28 Mar, 2022 Internal Linking

For webmasters and marketers, high-authority backlinks are the Holy Grail of SEO. They carry huge weight with Google, they funnel organic traffic to your website, and they have enormous long-term value.

On the downside, the process of earning these top-shelf backlinks can be difficult and time-consuming. The payoff justifies the input required, but it can still be a laborious process.

In the meantime, evidence suggests that comparatively few show any real priority to internal linking, perhaps due to their underestimation of the potential value of internal links particularly when distributed strategically.

Confirmation from Google

On several recent occasions, Google has gone on record to emphasise the importance of strategic internal linking. John Mueller in particular highlighted just how influential internal links can be when it comes to the way a site is crawled and subsequently indexed.

“One of the strategies I try to encourage people or tell people to think about is, on the one hand you can decide what kind of pages you think are important within your website and which ones you want Google to focus on through internal linking,” said the Google search guru.

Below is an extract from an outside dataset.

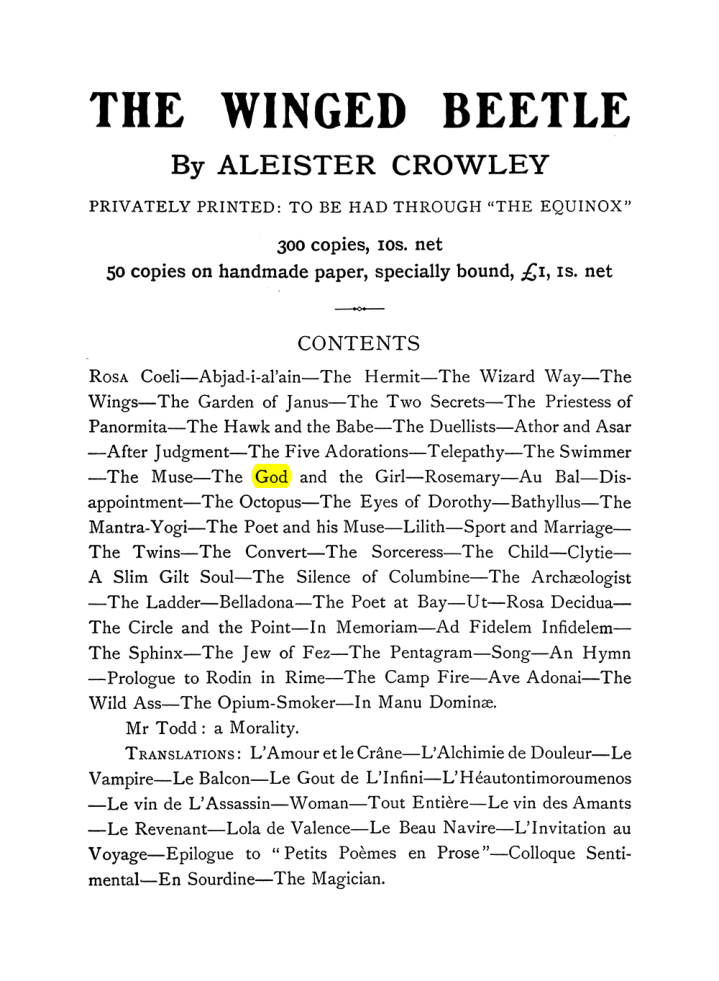 Original scan of The Equinox (Volume I, Number V), PDF page 303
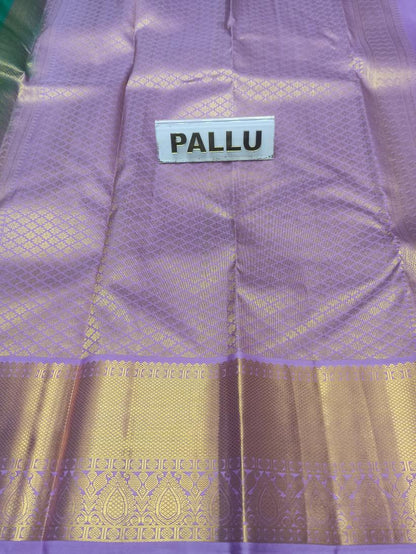 Pure Kanchipuram Silk Saree.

“And kind of working to make sure that like if you say 90 are currently not indexed and 10 are indexed, that you make sure that at least the 10 that are indexed are really good pages and really important pages for you.”

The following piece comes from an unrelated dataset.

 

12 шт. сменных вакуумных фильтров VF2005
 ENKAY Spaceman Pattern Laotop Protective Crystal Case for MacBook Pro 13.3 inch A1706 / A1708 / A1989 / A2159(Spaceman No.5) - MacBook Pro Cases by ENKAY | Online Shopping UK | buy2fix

“And then over time what you’ll see is Google crawls more and more of your website as it recognizes that it’s really good and important, and that can then result in on the one hand crawling more frequently the existing pages, and on the other hand crawling deeper within your website so kind of like more layers within the internal linking and digging in a little bit deeper.”

Optimising internal link flow in this way is perhaps the best way to ‘push’ specific pages of your website based on their performance. This is therefore something that should be done strategically and systematically site-wide, giving Google a clearer picture of which of your pages hold greatest value.

Reducing Link Flow Loss

In some instances, it may be necessary to link to pages within your site that are not particularly search-friendly. Removing these pages or these links may not be an option, increasing the risk of PageRank loss.

To compensate for this, always link back from every internal page you link to.  The strategic use of the nofollow tag can also help reduce link flow loss, attributed to essential pages within your site that are not search-friendly.

Penalty factors may also need to be considered, where the same content is duplicated across multiple pages in your website. Product pages, for example, may need to be largely identical, shy of a few alterations here and there.

Linking internally to a long list of pages with near-identical content can lead Google to believe they are actually spam pages. Where possible, internal links to pages with duplicate content should be minimised to whatever extent you can get away with.